This is just what DiCarlo and coworkers did. And they showed that this separation can be very effective.
They integrated a guide RNA into the ADE2 gene of a haploid yeast to create a gene drive designed to disrupt ADE2. As expected, this strain produced red colonies on adenine limiting media.
They next mated this strain to a wild type haploid. All of the resulting diploids were cream colored. This is what would be expected as both copies of ADE2 need to be disrupted to see red colonies in a diploid.
When these diploids were sporulated, the researchers got the expected 2:2 ratio of red to cream colored haploids. This all changed when they introduced a Cas9 containing plasmid into the experiment.
In the presence of Cas9, more than 99% of the resulting diploids were red. And when sporulated, these diploids produced all red haploid colonies.
The two parts of CRISPR/Cas9 together drove the disrupted ADE2 through the population. But importantly, just having the guide RNA integrated into ADE2 had no effect on how the two alleles were passed down. Once one part is removed, the gene drive stalls out.

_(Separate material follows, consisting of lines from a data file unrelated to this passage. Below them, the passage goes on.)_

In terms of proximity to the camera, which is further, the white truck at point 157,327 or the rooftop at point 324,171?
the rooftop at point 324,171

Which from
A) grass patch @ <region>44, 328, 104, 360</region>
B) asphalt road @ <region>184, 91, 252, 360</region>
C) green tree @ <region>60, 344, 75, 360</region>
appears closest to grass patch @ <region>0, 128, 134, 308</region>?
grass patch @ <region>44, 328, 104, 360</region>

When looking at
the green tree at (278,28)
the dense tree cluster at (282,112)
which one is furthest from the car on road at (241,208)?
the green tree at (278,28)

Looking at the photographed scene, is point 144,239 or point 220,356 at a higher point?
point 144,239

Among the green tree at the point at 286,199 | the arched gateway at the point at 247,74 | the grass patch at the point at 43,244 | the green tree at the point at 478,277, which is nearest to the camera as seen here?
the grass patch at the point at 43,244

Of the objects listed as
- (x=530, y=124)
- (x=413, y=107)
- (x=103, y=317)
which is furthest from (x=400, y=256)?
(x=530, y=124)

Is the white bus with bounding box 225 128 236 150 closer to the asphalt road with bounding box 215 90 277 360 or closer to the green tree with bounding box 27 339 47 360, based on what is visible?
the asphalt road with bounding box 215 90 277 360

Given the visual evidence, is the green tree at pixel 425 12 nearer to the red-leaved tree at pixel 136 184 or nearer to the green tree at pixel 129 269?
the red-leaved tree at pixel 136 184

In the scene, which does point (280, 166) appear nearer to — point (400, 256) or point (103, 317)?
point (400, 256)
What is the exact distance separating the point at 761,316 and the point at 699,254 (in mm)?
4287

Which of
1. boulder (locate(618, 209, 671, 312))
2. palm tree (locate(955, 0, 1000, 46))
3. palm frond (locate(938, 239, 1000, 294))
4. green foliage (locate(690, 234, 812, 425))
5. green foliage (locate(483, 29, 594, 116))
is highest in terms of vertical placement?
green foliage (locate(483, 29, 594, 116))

And genetic background did not significantly affect how well this ADE2 gene drive worked. When they mated their haploid to six different strains of yeast they saw no loss in efficiency.
So separating the two parts of the gene drive is a pretty good failsafe. But of course nothing is perfect.
Ideally we need some way to shut the system down if all of our safety features fail. We want to be able to get rid of Jafar and the lamp entirely if possible.
DiCarlo and coworkers showed that they could create a gene drive that could overwrite and correct the ADE2 they had disrupted with the guide RNA. This new gene drive targeted a synthetic sequence in the original gene which means that it would only affect altered yeast. So even if things go awry, we may be able to erase the changes we made.
These two strategies should help keep gene drives in check both in the wild and the lab. But of course, again, it is important to keep in mind that nothing is foolproof.
At the end of Aladdin, they buried Jafar and his lamp deep in the desert to keep him from causing any more trouble. But his lamp was found and Jafar reemerged to wreak havoc in the second Aladdin movie, reminding us that we must be very careful when unleashing powerful forces.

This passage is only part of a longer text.